As noted above, Wasabi has made a meaningful change to keep our developers productive and make them feel delightful.

The metric to measure authoring velocity

In order to quantitatively understand how much value Wasabi has delivered to our Python developers, we have considered a number of metrics to measure its impact. Ultimately, we landed on a metric that we call ‘Authoring Velocity’ to measure how fast developers write code. In essence, Authoring Velocity is the inverse function of the time taken on a specific diff (a collection of code changes) during the authoring stage. The authoring stage starts from the timestamp when a developer checks out from the source control repo to the timestamp when the diff is created. We have also normalized it against the number of lines of code changed in the diff, as a proxy for diff size, to offset any possible variance. The greater the value for ‘Authoring Velocity,’ the faster we think developers write their code.

Figure 3: Authoring Velocity Metric Formula

The result

With the metric defined, we ran an experiment to measure the difference that Wasabi brings to our developers. Specifically, we selected ~700 developers who had never used Wasabi before, and then randomly put them into two independent groups at a 50:50 split ratio.
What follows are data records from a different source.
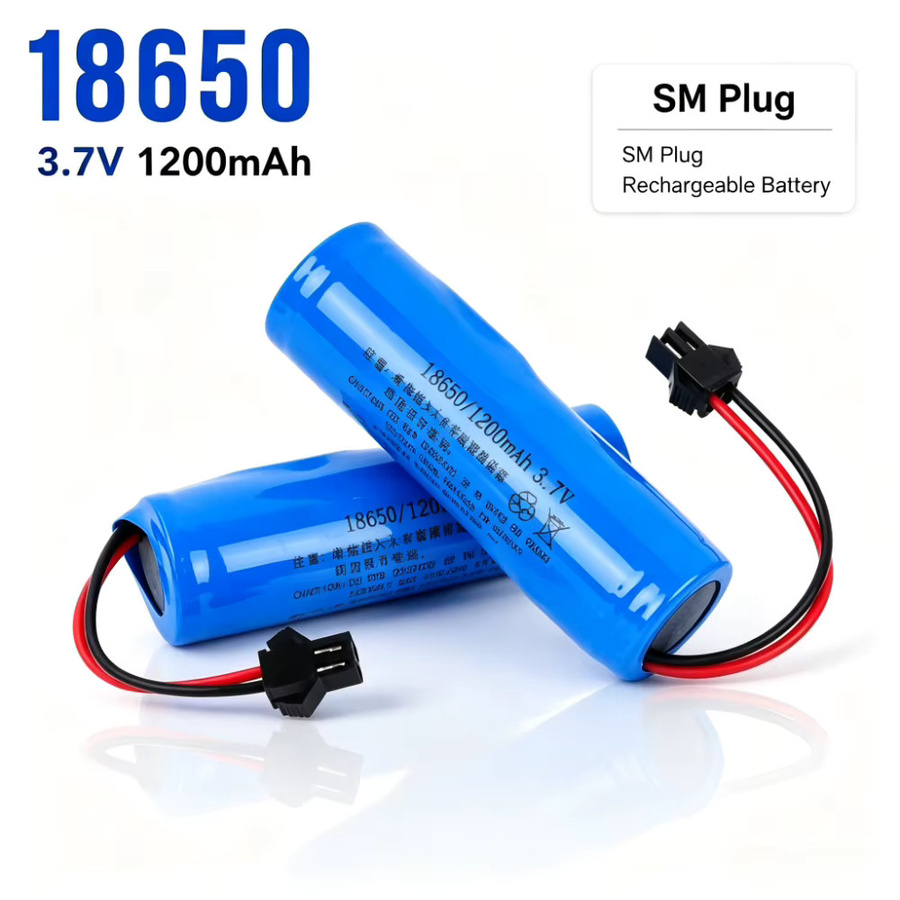 YTBNA Wiederaufladbare Lithium-Batterie 3,7V 18650 mit 1200mAh und SM-Stecker in Blau für Spielzeugautos und elektrische Spielzeuge - Bild 3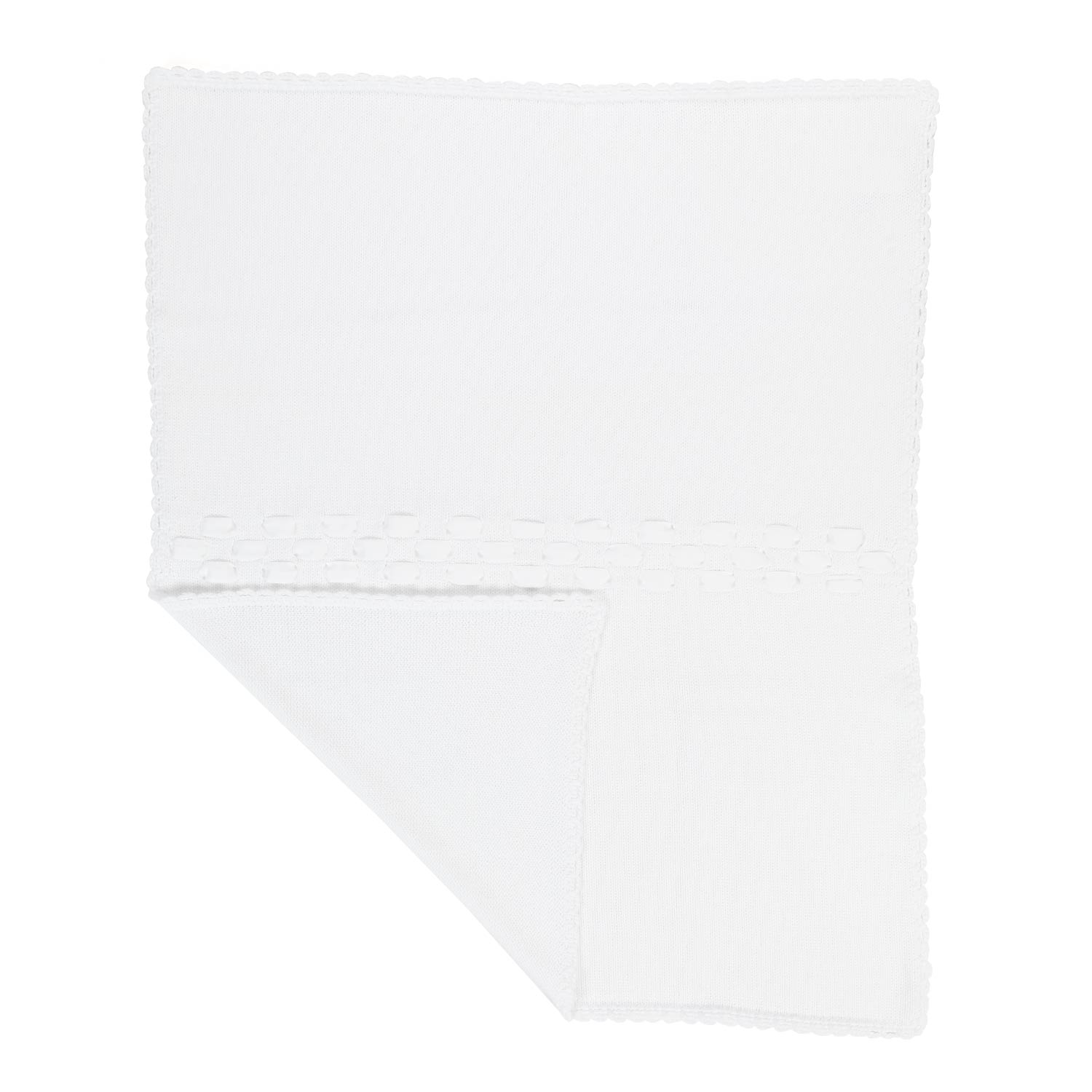 COPERTINA BEBÈ BIANCA CON NASTRINI DI RASO - annameglio.com abbigliamento moda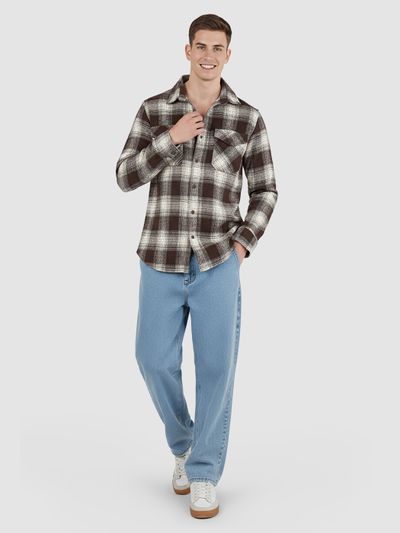 Brown Recycled Checked Flannel Shirt Brown Recycled Checked Flannel Shirt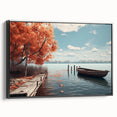 Black and white framed canvas featuring a vintage rowboat, ideal for bedroom landscape art.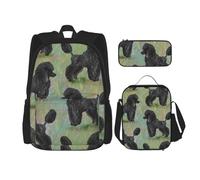YsoLda Set zaino, borsa per la scuola, zaino, set da 3 pezzi, con borsa per il pranzo, astuccio,Barboncino Nero Sui Pastelli
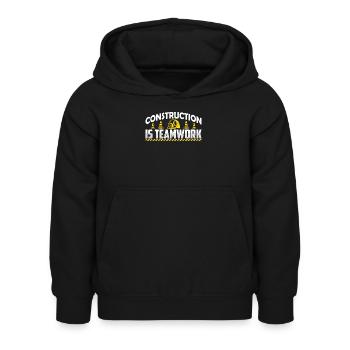 Construction work is teamwork Teamwork Construction site construction - Kids Hoodie - black - Front - AI Model Kid Female (0cm)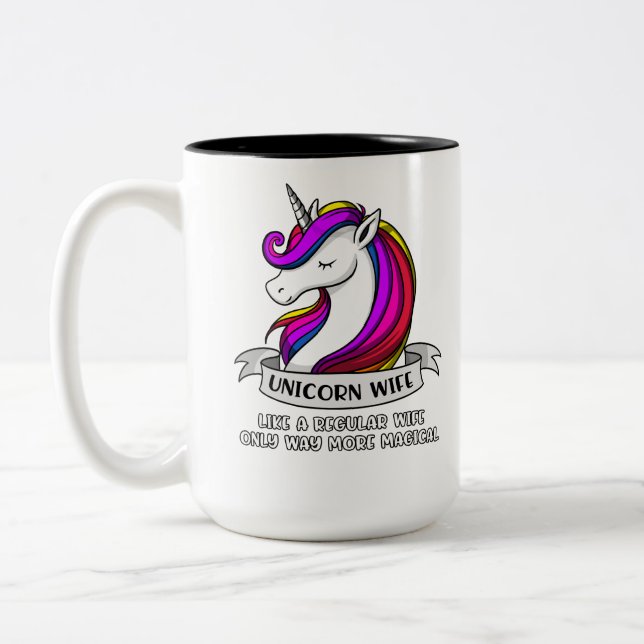 Magical Unicorn Wife Womens Two-Tone Coffee Mug (Left)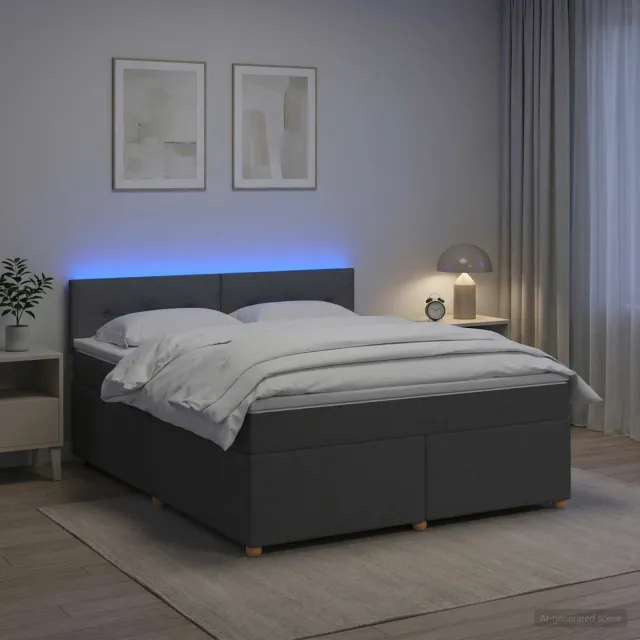 vidaXL Boxspringbed met matras Donkergrijs 140 x 190 cm Stof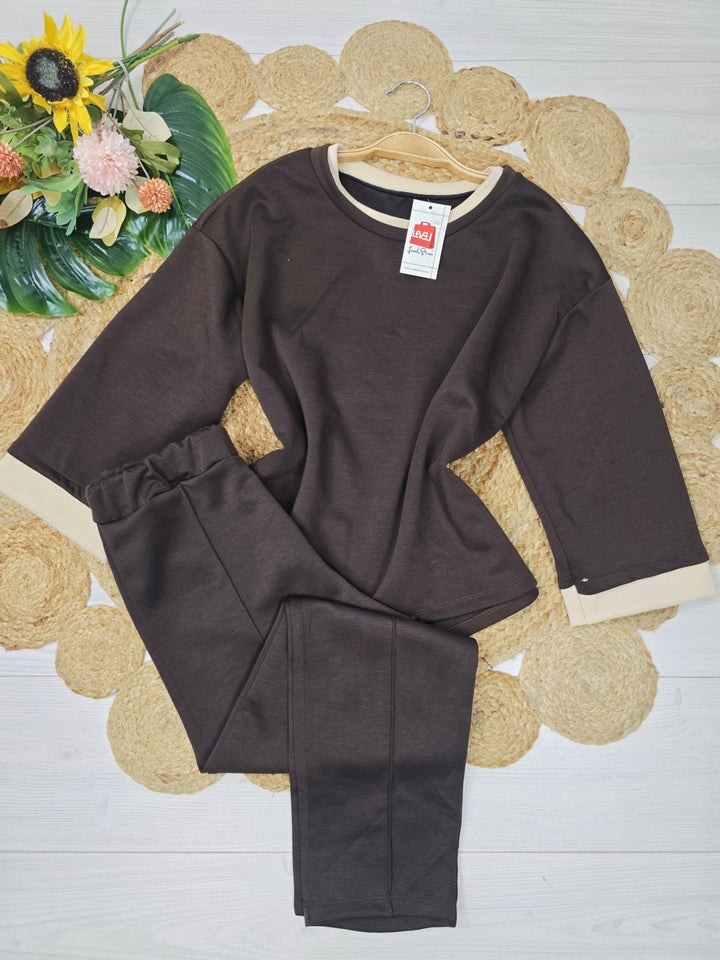 Completo tuta formato da felpa e pantaloni con elastico in vita morbido Beige Level Stores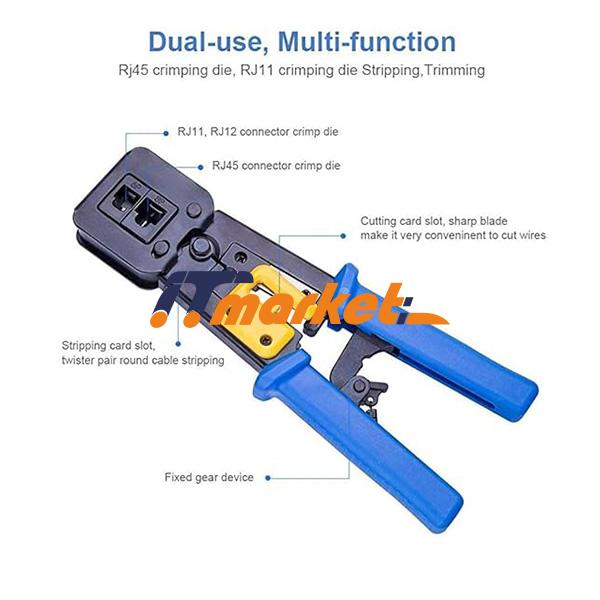 RJ45 Cat5e Cat6 Connector Crimping Tool end Pass Through-4 RJ45 Cat5e Cat6 Connector Crimping Tool end Pass Through-4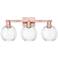 Preston 26"W 3 Light Antique Copper Bath Light With Clear Globe Shade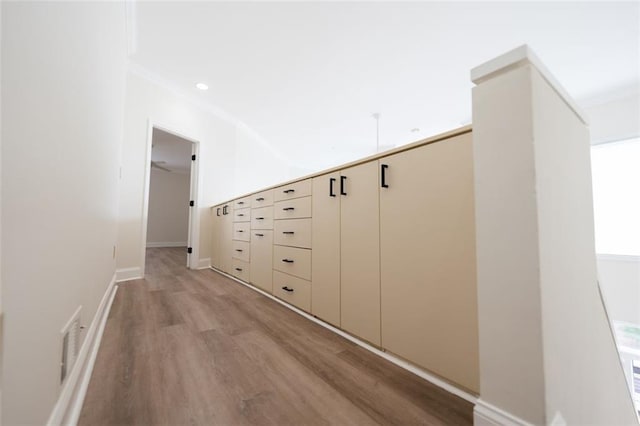 hallway with light wood-type flooring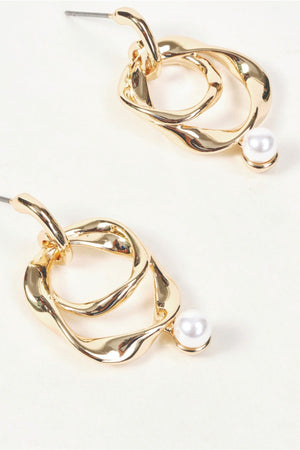 Carraig Donn Gold Double Loop Faux Pearl Drop Earrings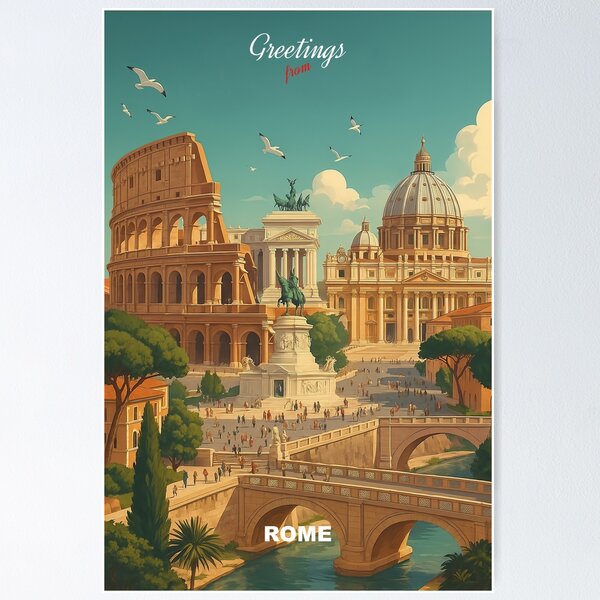Item preview, Greetings from ROME ITALY - Modern Colorful City View designed and sold by Earth Celebration Designs.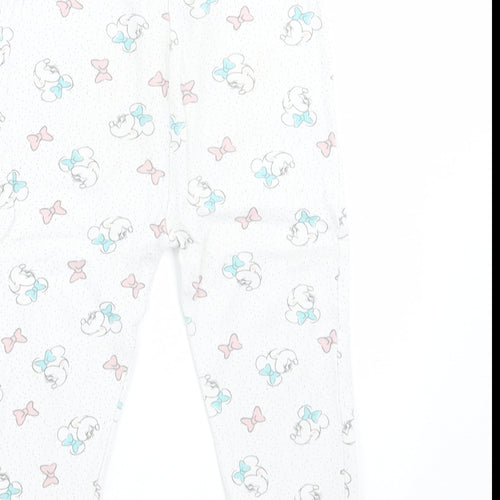 George Girls White Geometric Cotton Cami Pyjama Pants Size 18-24 Months  Pullover - Minnie Mouse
For these developers in the test group, they were enabled with Wasabi when they wrote in Python, whereas there was no change for those in the control group. For both groups, we compare the changes in relative metric values before and after the Wasabi enablement. From our results, we find that for developers in the test group, the median value of authoring velocity has increased by 20% after they started using Wasabi. Meanwhile, we don’t see any significant change in the control group before and after, which is expected.

Figure 4: Authoring Velocity measurements for control and test groups, before and after Wasabi was rolled out to the test group.

Summary

With Python’s unprecedented growth, it is an exciting time to be working in the area to make it better and handy to use. Together with its advanced features, Wasabi has successfully improved developers’ productivity at Meta, allowing them to write Python faster and easier with a positive developer experience. We hope that our prototype and findings can benefit more people in the broader Python community.